Claim: Let [math]\displaystyle{ S \subset \{0,1\}^n }[/math], let [math]\displaystyle{ \Chi_S }[/math] be the characteristic function of S, and let [math]\displaystyle{ \mu }[/math] be a probability measure whose support is exactly S (i.e. [math]\displaystyle{ \mu(x) \gt 0 }[/math] if and only if x is in S. Assume that [math]\displaystyle{ \mu }[/math] is polylog parametriable. Then, there is some permutation (reordering) of [n] such that Boolean function [math]\displaystyle{ \Chi_S(x_1,\ldots,x_n) }[/math] can be expressed/computed as follows:
[math]\displaystyle{ \Chi_S(x_1\ldots,x_n) = \prod_{i=1}^n g(x_i; x_j’s) }[/math], where each g is a Boolean function of [math]\displaystyle{ x_i }[/math] and polylog-many [math]\displaystyle{ x_j }[/math]’s with j < i.

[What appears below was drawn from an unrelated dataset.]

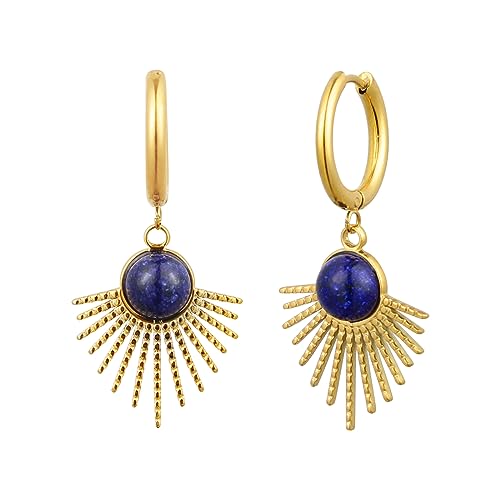 TEZCRT Damen Ohrringe Creolen mit Anhänger Gold, Lapislazuli, Wasserfest, Durchmesser 16.9 mm von TEZCRT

We can see the claim by focusing on measure being zero or nonzero in the definition of polylog paramateizability. Now consider #1. With respect to any ordering (permutation) of [n], the membership in EVEN cannot be expressed by such an AND as in the claim because the last factor [math]\displaystyle{ g(x_n; x_j's) }[/math] only depend on *fixed* polylog many [math]\displaystyle{ x_j }[/math]'s. By the same reason, #2 is not polylog parametrizable. (To express #1 and #2 in such a form, the last g(xn; xj's) have to depend on all n variables.)

On the other hand EVEN can be polylog parametrized if we add a number of auxilary variables, placeholders for partial sums, so that we never add more than polylog elements (we can always add a fixed number), and similarly for #2.